***** Excerpted records

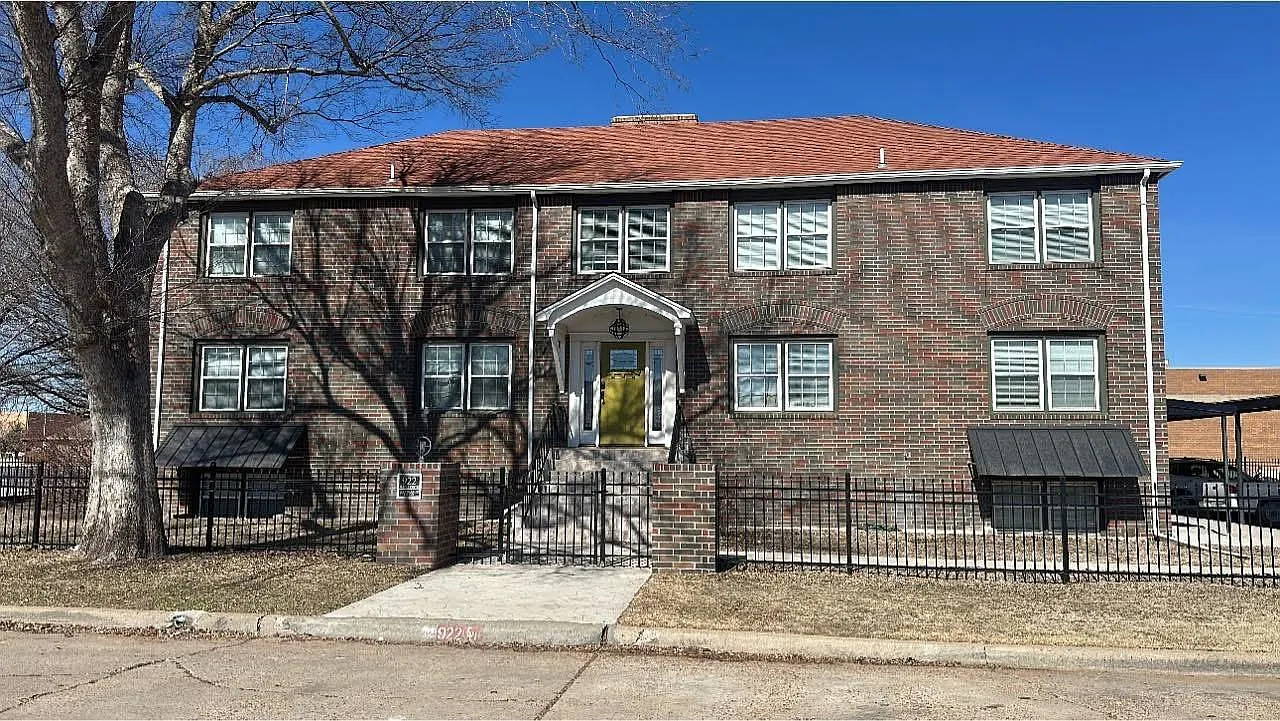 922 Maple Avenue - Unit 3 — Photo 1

**********
***** Excerpted records

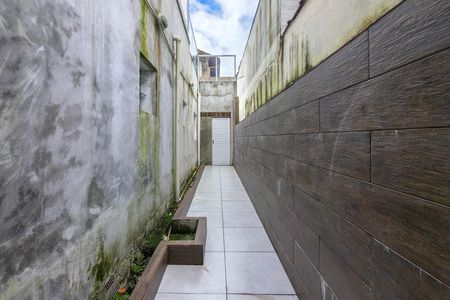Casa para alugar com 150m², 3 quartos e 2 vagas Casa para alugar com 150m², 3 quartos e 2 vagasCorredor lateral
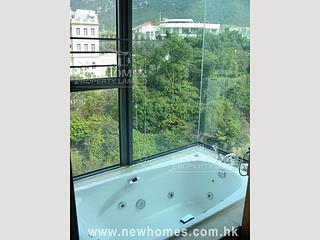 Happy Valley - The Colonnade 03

**********

Instructions for the task: In the records above, find the line with "Casa para alugar com 150m², 3 quartos e 2 vagas Casa" and the line with "Happy Valley - The Colonnade 03". Write out exactly those lines and every one between, with no pictures and no other lines.

Solved problem:
Casa para alugar com 150m², 3 quartos e 2 vagas Casa para alugar com 150m², 3 quartos e 2 vagasCorredor lateral
 Happy Valley - The Colonnade 03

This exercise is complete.